WORK INSTRUCTIONS: Write out the lines starting at the one that holds "Framed Print : Brendan" and ending with the final line of the data, exactly and with no others.

:: DATA FOR REVIEW

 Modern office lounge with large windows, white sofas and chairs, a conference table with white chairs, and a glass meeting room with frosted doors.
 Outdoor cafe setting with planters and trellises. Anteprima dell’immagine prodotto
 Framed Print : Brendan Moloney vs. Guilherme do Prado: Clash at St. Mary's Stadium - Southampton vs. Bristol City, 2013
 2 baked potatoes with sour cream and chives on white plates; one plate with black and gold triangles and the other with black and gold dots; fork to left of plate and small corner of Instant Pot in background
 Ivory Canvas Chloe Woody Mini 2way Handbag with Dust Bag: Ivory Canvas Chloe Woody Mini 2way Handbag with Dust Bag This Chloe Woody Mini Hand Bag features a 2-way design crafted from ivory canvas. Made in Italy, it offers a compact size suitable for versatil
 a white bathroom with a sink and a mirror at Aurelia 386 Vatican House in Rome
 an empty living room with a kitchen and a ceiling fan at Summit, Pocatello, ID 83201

::::

TASK OUTPUT:
 Framed Print : Brendan Moloney vs. Guilherme do Prado: Clash at St. Mary's Stadium - Southampton vs. Bristol City, 2013
 2 baked potatoes with sour cream and chives on white plates; one plate with black and gold triangles and the other with black and gold dots; fork to left of plate and small corner of Instant Pot in background
 Ivory Canvas Chloe Woody Mini 2way Handbag with Dust Bag: Ivory Canvas Chloe Woody Mini 2way Handbag with Dust Bag This Chloe Woody Mini Hand Bag features a 2-way design crafted from ivory canvas. Made in Italy, it offers a compact size suitable for versatil
 a white bathroom with a sink and a mirror at Aurelia 386 Vatican House in Rome
 an empty living room with a kitchen and a ceiling fan at Summit, Pocatello, ID 83201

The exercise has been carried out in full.